Ora, nel nobile intento di parlare la stessa lingua, di avere un linguaggio comune e di utilizzare termini condivisi, presupposti indispensabili per un corretto scambio di vedute e di un concreto e consapevole formarsi una qualsiasi opinione, dato che lo ius soli è un principio secondo il quale si acquisisce la cittadinanza di un certo Paese per il solo fatto giuridico di esservi venuti alla luce, indipendentemente dalla nazionalità dei genitori, ciò di cui sta parlando Calabresi, semplicemente NON è ius soli, ma è qualcosa d’altro.

Il che, non solo gli meriterebbe – oltre a lui, anche a numerosi rappresentanti del Pd – che si rimandasse al mittente la sistematica e strumentale offesa di equiparare a Salvini chiunque sia critico nei confronti della cittadinanza ad minchiam, come l’avrebbe definita il mitico professor Scoglio ma (cosa molto più importante di cosa pensi (malissimo) il direttore di ‘Repubblica’), costringe a ricordare agli smemorati e agli ignoranti che nel Paese simbolo per antonomasia dello ius soli, gli USA, è vigente da sempre una rigidissima legislazione in merito all’immigrazione, ciò che rende improponibile lo sbarco di un numero indefinito di prossime puerpere. Complice anche il fatto che negli USA non si arriva col barcone.

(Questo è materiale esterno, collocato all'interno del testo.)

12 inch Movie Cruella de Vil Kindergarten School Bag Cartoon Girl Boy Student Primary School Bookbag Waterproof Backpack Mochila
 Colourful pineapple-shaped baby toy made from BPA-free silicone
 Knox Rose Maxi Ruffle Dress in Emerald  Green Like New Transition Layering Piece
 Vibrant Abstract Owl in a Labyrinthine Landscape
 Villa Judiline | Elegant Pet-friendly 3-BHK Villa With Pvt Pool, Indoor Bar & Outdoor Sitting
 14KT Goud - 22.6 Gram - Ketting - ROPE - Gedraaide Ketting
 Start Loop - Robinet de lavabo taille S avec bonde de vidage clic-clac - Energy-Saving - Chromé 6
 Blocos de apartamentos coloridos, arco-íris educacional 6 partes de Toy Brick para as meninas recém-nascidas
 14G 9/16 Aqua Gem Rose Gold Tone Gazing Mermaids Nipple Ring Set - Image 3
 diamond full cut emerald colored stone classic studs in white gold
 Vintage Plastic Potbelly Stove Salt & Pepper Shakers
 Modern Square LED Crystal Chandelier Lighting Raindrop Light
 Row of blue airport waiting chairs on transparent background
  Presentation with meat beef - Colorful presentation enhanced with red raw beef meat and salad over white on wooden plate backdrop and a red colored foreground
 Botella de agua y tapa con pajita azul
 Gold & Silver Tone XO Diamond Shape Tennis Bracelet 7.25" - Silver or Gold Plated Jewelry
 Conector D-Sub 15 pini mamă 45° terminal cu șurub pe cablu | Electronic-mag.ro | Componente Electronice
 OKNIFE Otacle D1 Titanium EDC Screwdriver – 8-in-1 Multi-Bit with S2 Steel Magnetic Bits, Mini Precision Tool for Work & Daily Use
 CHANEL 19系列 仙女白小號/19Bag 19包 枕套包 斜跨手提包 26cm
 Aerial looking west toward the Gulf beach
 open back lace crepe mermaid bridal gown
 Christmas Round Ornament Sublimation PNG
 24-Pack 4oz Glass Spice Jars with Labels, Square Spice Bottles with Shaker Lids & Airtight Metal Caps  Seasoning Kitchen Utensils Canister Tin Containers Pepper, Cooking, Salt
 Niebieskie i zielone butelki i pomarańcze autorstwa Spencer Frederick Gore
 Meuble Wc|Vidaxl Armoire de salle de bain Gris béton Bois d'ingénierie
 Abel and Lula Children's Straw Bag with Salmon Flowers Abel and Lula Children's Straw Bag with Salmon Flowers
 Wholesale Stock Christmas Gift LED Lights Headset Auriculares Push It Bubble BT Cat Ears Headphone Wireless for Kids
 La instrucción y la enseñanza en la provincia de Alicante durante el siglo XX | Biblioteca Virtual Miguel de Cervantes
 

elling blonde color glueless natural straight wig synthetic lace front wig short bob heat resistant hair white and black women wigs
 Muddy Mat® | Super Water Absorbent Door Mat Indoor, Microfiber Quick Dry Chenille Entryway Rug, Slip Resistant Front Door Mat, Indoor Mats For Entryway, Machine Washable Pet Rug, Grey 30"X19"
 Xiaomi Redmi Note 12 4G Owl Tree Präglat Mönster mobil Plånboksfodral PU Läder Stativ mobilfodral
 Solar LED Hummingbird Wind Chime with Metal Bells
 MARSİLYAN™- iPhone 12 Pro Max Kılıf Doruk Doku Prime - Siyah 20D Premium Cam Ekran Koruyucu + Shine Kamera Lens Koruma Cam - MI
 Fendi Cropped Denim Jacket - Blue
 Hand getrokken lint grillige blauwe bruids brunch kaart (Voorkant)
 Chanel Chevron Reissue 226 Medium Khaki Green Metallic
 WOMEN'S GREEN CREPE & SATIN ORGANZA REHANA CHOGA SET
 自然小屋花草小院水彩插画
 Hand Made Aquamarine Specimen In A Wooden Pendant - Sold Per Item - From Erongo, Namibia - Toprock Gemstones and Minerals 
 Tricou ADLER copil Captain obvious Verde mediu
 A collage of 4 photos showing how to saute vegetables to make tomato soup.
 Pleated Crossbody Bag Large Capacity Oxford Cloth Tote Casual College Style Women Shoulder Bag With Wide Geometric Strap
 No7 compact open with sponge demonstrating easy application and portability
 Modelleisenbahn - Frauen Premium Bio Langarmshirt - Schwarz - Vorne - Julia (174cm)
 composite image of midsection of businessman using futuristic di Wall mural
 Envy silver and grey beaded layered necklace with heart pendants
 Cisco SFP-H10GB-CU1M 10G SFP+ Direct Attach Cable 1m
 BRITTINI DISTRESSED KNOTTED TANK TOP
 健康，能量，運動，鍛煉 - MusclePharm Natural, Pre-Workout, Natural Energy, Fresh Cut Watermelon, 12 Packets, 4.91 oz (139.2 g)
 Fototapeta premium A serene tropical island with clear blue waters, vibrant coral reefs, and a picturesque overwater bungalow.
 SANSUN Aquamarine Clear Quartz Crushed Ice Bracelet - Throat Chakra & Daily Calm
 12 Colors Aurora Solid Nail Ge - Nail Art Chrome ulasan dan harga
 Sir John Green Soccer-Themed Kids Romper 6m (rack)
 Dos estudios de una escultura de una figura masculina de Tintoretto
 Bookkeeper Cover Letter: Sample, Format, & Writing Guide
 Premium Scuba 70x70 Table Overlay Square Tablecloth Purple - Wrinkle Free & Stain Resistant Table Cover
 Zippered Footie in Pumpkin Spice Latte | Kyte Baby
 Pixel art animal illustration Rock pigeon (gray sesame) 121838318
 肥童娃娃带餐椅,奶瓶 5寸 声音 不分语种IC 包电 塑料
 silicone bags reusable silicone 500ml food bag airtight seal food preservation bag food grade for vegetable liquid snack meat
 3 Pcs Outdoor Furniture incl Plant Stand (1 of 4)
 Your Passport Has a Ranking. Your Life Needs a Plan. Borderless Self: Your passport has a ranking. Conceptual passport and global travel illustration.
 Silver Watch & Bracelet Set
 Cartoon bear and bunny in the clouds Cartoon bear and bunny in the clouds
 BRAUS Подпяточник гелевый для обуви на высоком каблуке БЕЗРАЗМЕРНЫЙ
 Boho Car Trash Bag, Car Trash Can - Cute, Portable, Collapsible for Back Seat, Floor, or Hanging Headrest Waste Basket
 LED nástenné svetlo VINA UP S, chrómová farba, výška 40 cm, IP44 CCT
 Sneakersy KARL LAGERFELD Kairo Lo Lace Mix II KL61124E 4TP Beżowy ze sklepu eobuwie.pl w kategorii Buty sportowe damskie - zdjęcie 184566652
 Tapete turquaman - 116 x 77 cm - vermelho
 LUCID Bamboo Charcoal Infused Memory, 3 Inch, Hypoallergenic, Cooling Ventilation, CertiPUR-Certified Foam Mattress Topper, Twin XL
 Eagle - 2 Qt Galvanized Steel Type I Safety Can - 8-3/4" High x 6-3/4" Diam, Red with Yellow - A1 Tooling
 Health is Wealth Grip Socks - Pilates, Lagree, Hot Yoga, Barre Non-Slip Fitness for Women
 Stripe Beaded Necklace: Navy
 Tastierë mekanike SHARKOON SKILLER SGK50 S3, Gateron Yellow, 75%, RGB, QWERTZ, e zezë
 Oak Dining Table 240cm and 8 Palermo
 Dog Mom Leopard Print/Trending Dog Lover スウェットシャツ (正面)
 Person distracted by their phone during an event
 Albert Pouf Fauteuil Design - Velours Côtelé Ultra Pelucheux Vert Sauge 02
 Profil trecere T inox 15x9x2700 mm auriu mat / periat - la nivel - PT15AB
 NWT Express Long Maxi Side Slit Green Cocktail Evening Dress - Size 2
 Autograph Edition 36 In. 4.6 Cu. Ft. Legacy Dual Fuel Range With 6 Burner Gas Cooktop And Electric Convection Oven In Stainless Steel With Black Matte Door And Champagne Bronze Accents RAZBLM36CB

Molti anni or sono, l’Irlanda adottò lo ius soli: quello vero, non il fraintendimento di Calabresi. Alla cinquantamillesima donna incinta – povere disgraziate in fuga dalla fame e dalla guerra, ma anche semplici opportuniste: le cose vanno dette, una buona volta, anche se sono sgradevoli e se Salvini dice che il sole nasce a est, non possiamo metterci a dire che nasce a ovest, solo perché non ci garba concordare con lui – che si presentava per far valere al proprio pargolo quella splendida legge, i governanti locali pensarono di avere sbagliato qualcosa e l’abrogarono seduta stante. Al momento, ritennero, si trattava di qualcosa di economicamente e socialmente insostenibile, pur con tutta la buona volontà che si trova in un Paese profondamente cattolico. Perché, come diceva Platone, c’è quello che vorremmo che ci fosse e poi c’è quello che c’è: e questo andrebbe ricordato a coloro i quali (il Pd ne è ricchissimo) si permettono di dare, un giorno sì e un giorno anche, lezioni di pragmatismo e di realismo, in punto di alleanze indecenti con personaggi che in un Paese civile sarebbero impresentabili – se non in carcere.